At TICAD, clumsy diplomacy mars controversial Japanese aid project in Mozambique

Japan Today | 3 June 2013

By Dreux Richard
Medium_pacheco
Responding to questions about a letter sent by Mozambique's national farmers' organisation and other groups to the heads of state of Brazil, Japan, and Mozambique, Minister of Transport Paolo Zucula suggested shadowy interests must have been behind it because farmers in Mozambique are mostly illiterate.

During a development forum with the president of Mozambique and several of his ministers in Yokohama on Sunday, one observer asked whether the president was aware of an open letter that a delegation of Mozambican peasant farmers had presented to Japanese Prime Minister Shinzo Abe on Friday; the letter raises concerns about a development scheme funded by Japanese aid organizations.

In response, Minister of Transport Paolo Zucula pointed out that the letter suggested shadowy interests – after all, farmers in Mozambique are mostly illiterate. Caught between the fumble and an incredulous audience, the forum’s interpreter could only equivocate.

The blunder was the latest in a series of mishandlings that have turned one of Japan’s most ambitious aid efforts in Africa, the ProSavana project, into a magnet for criticism and controversy. ProSavana aims to turn Mozambique’s most populous geographical corridor into a global breadbasket by making millions of hectares of land available to multinational agribusiness firms, who are in turn expected to cultivate commodity crops for export. The project is modeled on the unprecedented transformation agribusiness has effected in Brazil’s Cerrado savanna, and Brazil is the third partner in the three party plan.

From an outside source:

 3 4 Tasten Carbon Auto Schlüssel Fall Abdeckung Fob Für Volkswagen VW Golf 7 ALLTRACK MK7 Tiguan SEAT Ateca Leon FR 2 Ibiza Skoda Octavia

ProSavana faces opposition from a coalition of Mozambican farmers’ unions and civil society groups who sent their own delegation to TICAD this weekend. They claim that Japan’s aid apparatus, which is financing and implementing much of the project, has failed to solicit adequate community input, and that the project’s details weren’t presented to its supposed beneficiaries until this March, when the coalition requested a meeting with JICA. For coalition member Antonio Muagerene, who has been reading about his home region’s forthcoming fate in newspapers for years, the notion of Japanese aid agencies treating his nation’s farmland like a jigsaw puzzle is unnerving. “These are our lives you’re talking about,” he said on Sunday.

Muagerene, a civil society organizer in one of the Mozambican provinces targeted by ProSavana, takes personally the suggestion that Mozambique’s small farms are ineffective by design. At age seven, he purchased his first school supplies with money earned from a modest peanut patch his parents had given him to cultivate. His parents later paid for his college education with their farm’s modest revenues. He points out that some of the rhetoric underlying the ProSavana sales pitch is schizophrenic: aid donors seem fond of mentioning that Mozambique’s farms aren’t productive enough to feed the nation, but the ProSavana plan would encourage the cultivation of commodity export crops, very few of which would be sold by Mozambican companies or consumed within the country.

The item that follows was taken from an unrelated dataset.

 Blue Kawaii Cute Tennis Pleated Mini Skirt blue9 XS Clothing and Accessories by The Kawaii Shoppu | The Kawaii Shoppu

Insofar as aid donors are prescribing a strategy that would result in increased commodity exports, Mozambique finds itself in a situation much like the one faced by the government of Malawi in 2005, when Malawi defied the international aid community and instituted ‘smart’ fertilizer subsidies that favored the nation’s most impoverished small-scale farmers. The subsidies were a radical success, and as Malawi’s once-famished food supply improved, so did key human development indicators, including overall life expectancy – improvements which have eluded countries that have embraced agribusiness, and which are particularly difficult to come by in Africa, where growing GDPs have done little to budge quality of life indicators. Mozambique provides a particularly trenchant example: a 7.4% annual increase in GDP has been accompanied by downward trends in several human development indicators, remarkable for a nation that already sits near the bottom of most human development indexes.

On Sunday, I spoke with a member of Malawi’s delegation to TICAD, who asked that his name be withheld because he had not been authorized to comment on ProSavana. “Given what we’ve learned in Malawi, to even consider the implementation of this plan in its current, corporatized form is profoundly naive. It has nothing to do with food security in Mozambique and everything to do with the end of cheap land in Brazil; agriculture companies need a new source of cheap land to exploit.” he said.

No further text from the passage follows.